The 20,000-square-foot store, which will sell canned, packaged and frozen foods and some non-grocery items at 40 to 50 percent off normal retail prices, is part of the redevelopment of the GEM property into shopping and business center called City Square. The Kapalama GEM store has been closed since early 1994.
Former GEM owner Glenn Kaya, who holds the master lease and is developing the property with partners, said one of the old Kapalama buildings was torn down, a new one erected and the old main building completely refurbished. Another major tenant will be the city's driver licensing operation and a satellite city hall.
Joe North, a spokesman for the City Square leasing agent Marcus & Associates, said the main former GEM building has about 50,000 square feet of leaseable space and the new building has 9,500 square feet.
"There's also an additional 40,000-square-foot building planned," North said. That development will depend on how the leasing goes.
"We're going after a few national chains typically found in strip shopping centers," North said. He expects some local businesses to be there in support of the city's activities, including insurance and finance companies.
The first Grocery Outlet was opened in June in the Waianae Mall by Glenn S. Nakamura, a 20-year veteran of the Pay'n Save stores, now Hawaii regional representative for Berkeley, Calif.-based Canned Foods Inc., which developed the Grocery Outlet concept. CFI is the supplier of the low-priced goods to the local owners.
What makes the low prices possible is CFI's buying power, said Greg Geertsen, vice president of real estate at CFI.

Most of it is brand-name merchandise. Examples, Geertsen said, include packages that have been replaced by new ones of a different size. CFI buys all the old-size merchandise and moves it out to the retailers.
Since most grocery items these days carry sell-by dates on the package, or perhaps the date of manufacture, much of it would go to landfill unless it was snapped up by a business with the ability to move it out quickly and sell it cheap before the pull date, he said.
When Del Monte mistakenly left out the cherries when it packed fruit salad in cans with labels showing a maraschino cherry, CFI jumped in, Geertsen said.
"We put it out on the shelf labeled 'cherry not included' and sold it for half price," he said.
And CFI has been selling Hawaii-made items on the mainland, such as promotional packages of Hawaii-bottled Pepsi-Cola that were not sold by the time the event they promoted was finished.
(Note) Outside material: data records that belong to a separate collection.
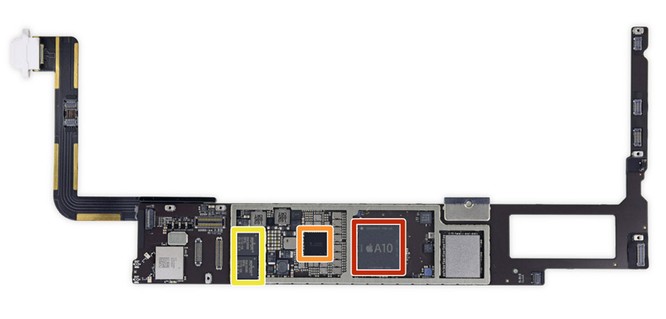iFixit phẫu thuật iPad 6: điểm sửa chữa 2/10 ảnh 1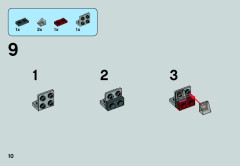 LEGO 75028 instructions page 10 – build guide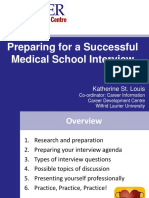 Preparing for Successful Medical School Interviews 2012.pdf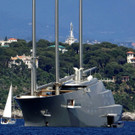 Die "Sailing Yacht A" von Oligarch Andrei Melnitschenko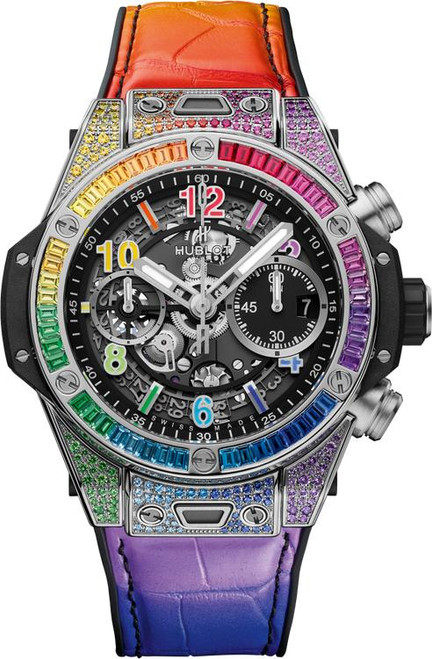 Hublot Big Bang Unico Titanium Rainbow 441.NX.1117.LR.0999 42mm Hublot Big Bang Unico Titanium Rainbow 441.NX.1117.LR.0999 42mm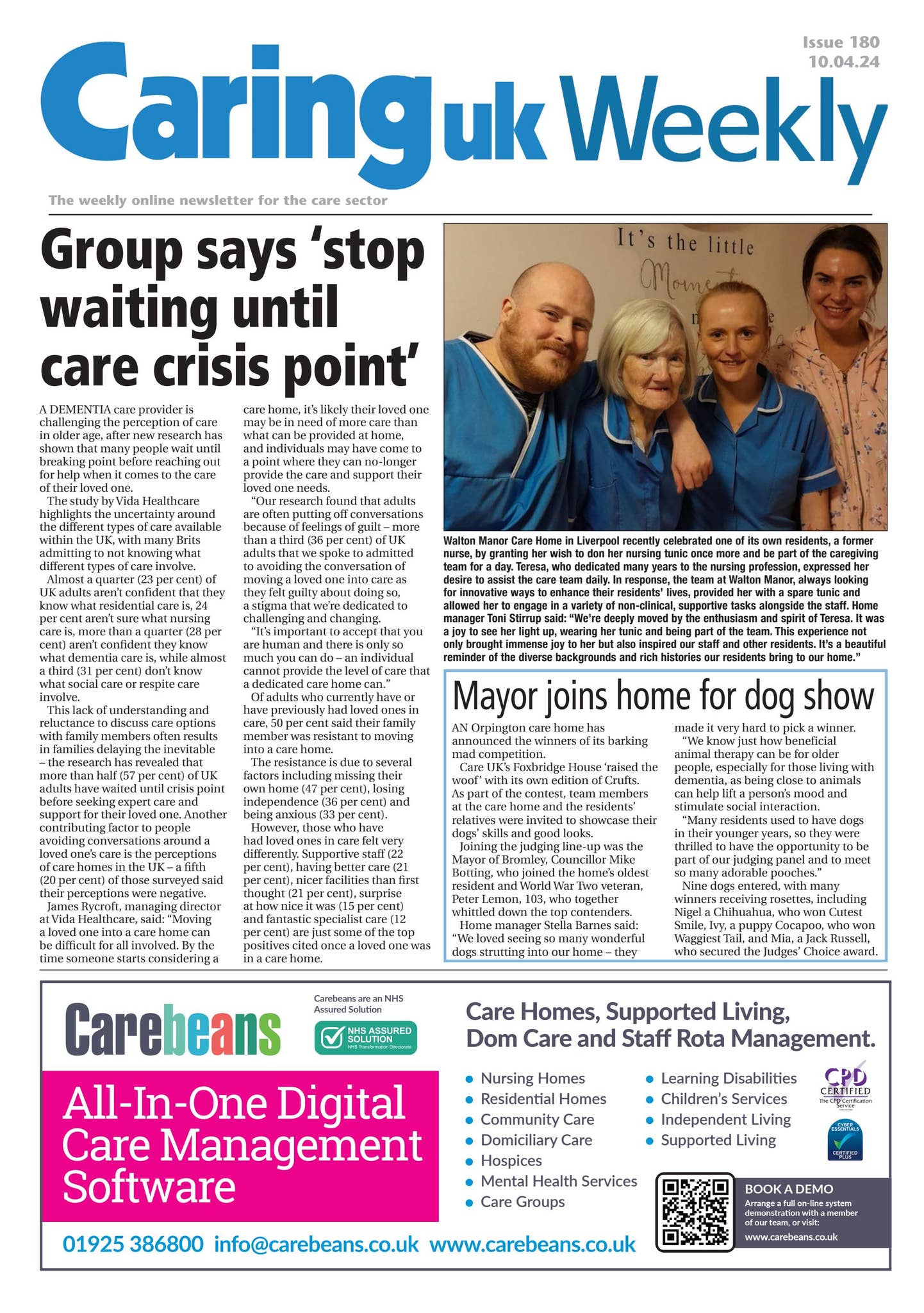 Caring uk Weekly April 10 by Script Media - Issuu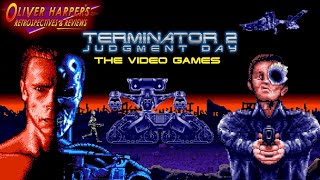 Terminator 2 Judgment Day 1991 Video Games - Retrospectivereview
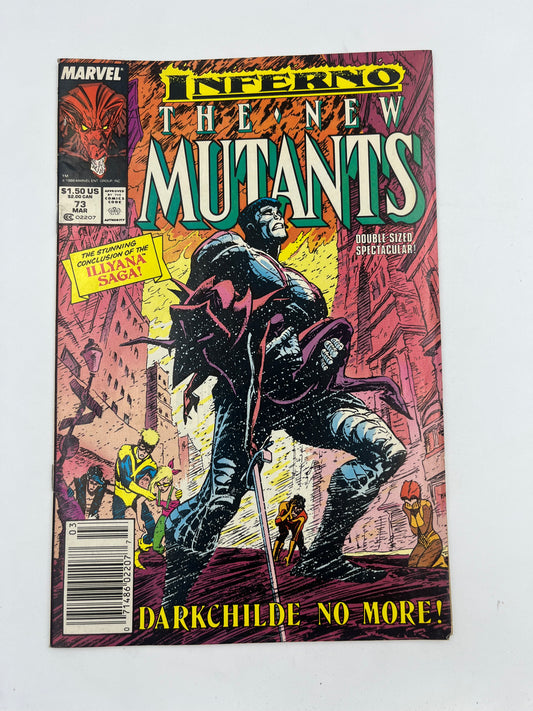 The new mutants #73
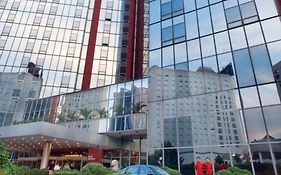 The Great Wall Hotel Beijing Pequim Exterior photo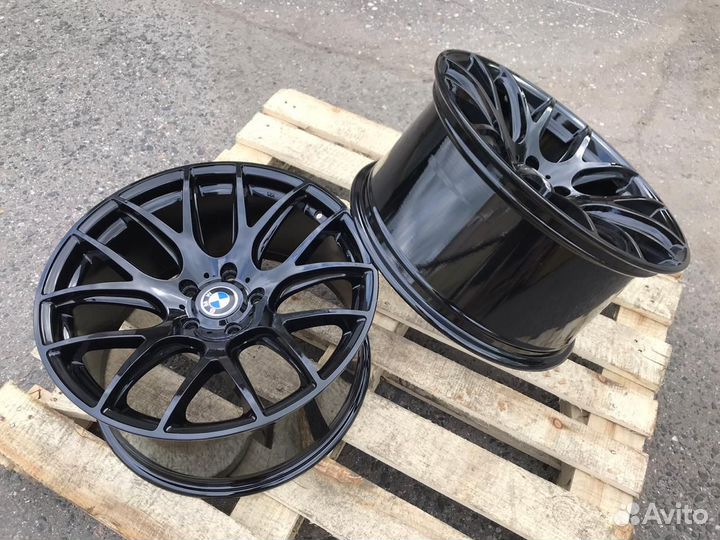 Диски Lumma черный глянец R19 9,5j 5-120 для BMW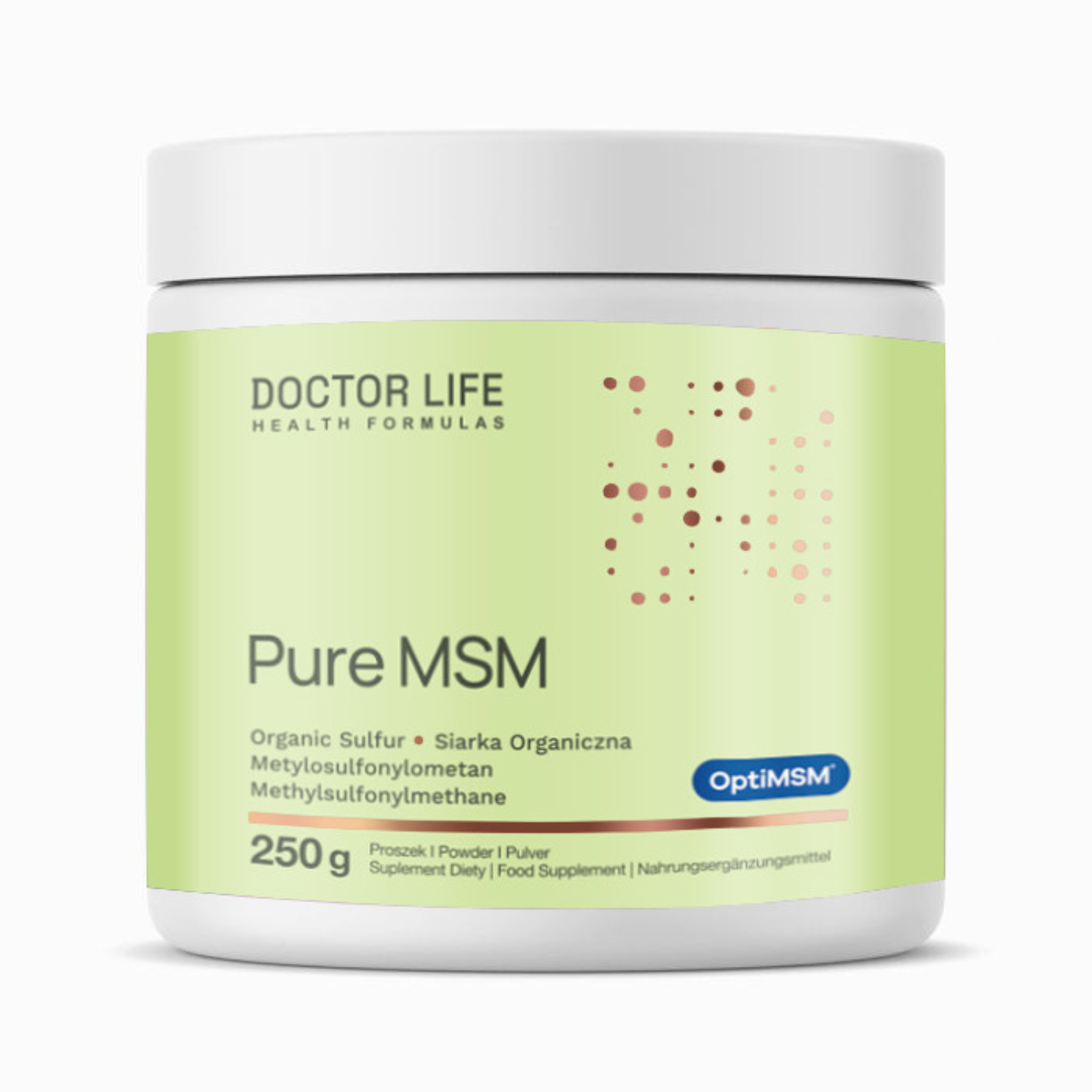 Doctorlife, pure msm, 250 g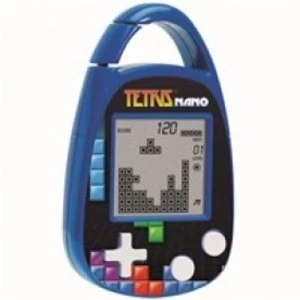 Image of Tetris Nano Electronic Handheld Game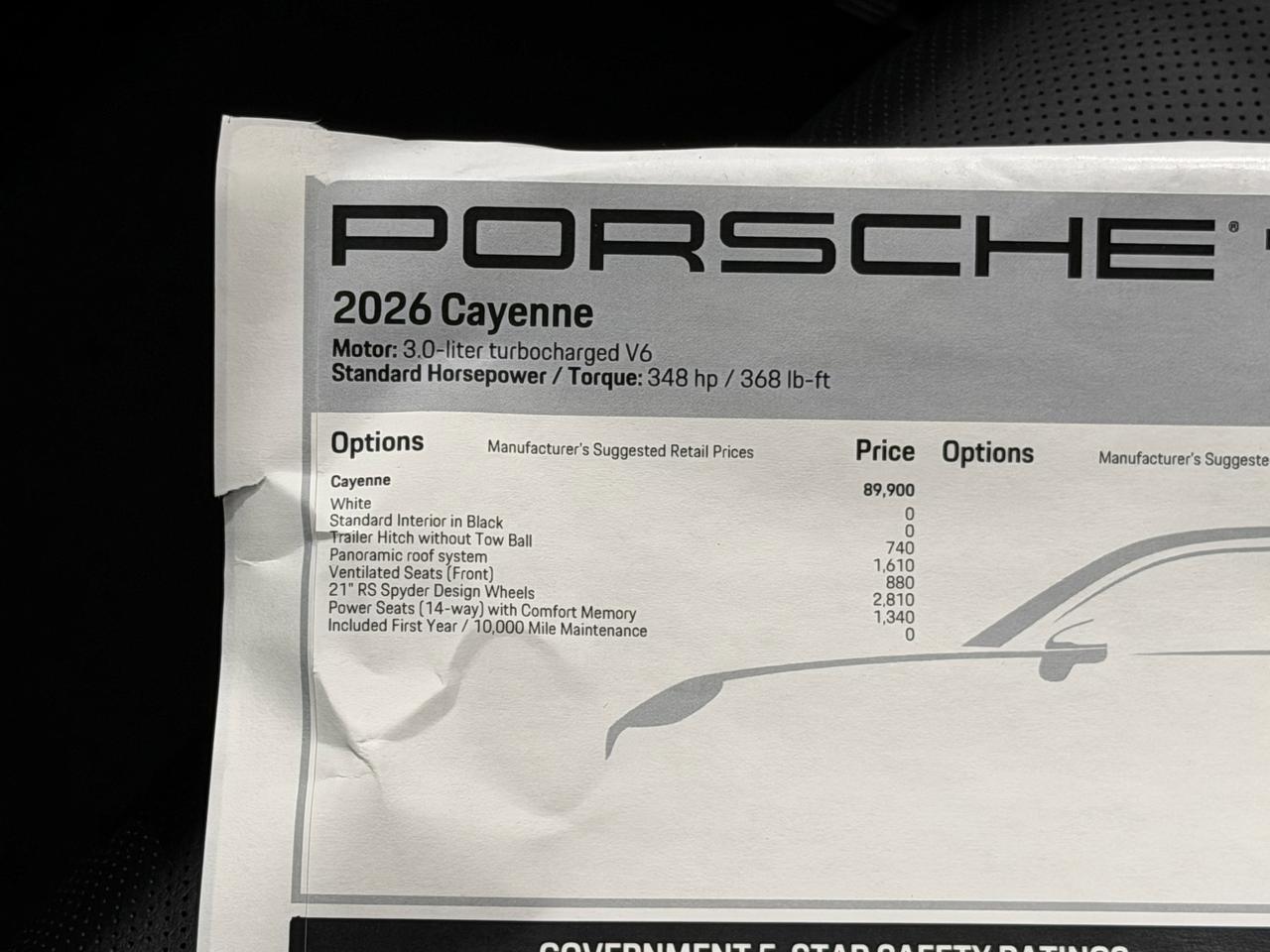 2026 Porsche Cayenne Newark DE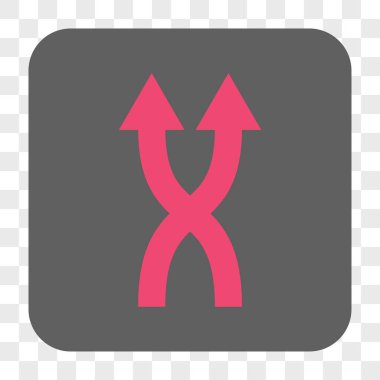 Yuvarlatılmış Kare düğmesini yukarı okları shuffle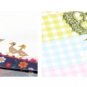 Zakka Duck Flower Lace Button Check Sticky Post It Note Memo Pad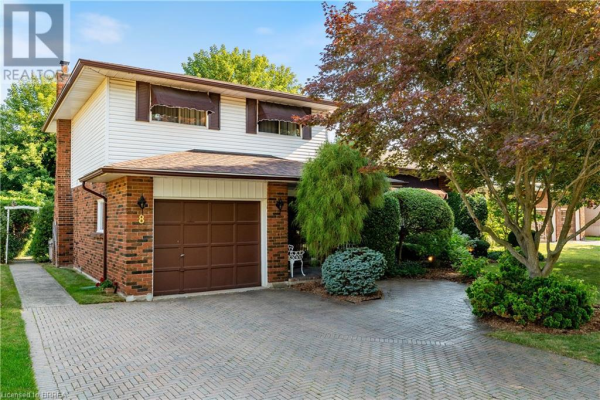 8 VENTNOR Court, Brantford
The promotional package no longer makes sense but the product is the same as any Pepsi and the price is right, Geertsen said.
CFI feeds more than 100 Grocery Outlet stores across the country.
The Waianae store has been a success both for its own business and for the community, Nakamura said. "We're the way to welfare reform," he said, noting that many of the Waianae customers are welfare recipients who get a lot for their little money.
He said the store has many regular customers who drive to Waianae from as far away as Waimanalo. "They come maybe once a month and stock up," Nakamura said.
The GEM location is central and should attract customers from all over the island, he said. The owner-operator of the Kapalama store has yet to be named. Jason Hasegawa, also a Pay'n Save veteran, is owner-operator at Waianae.
Geertsen said the Grocery Outlet stores don't advertise anywhere and depend on word-of-mouth. One reason is that it is selling brand-name merchandise, obtained at special prices, that other stores also sell. "The manufacturer doesn't want its old item positioned against a new one," Geertsen said.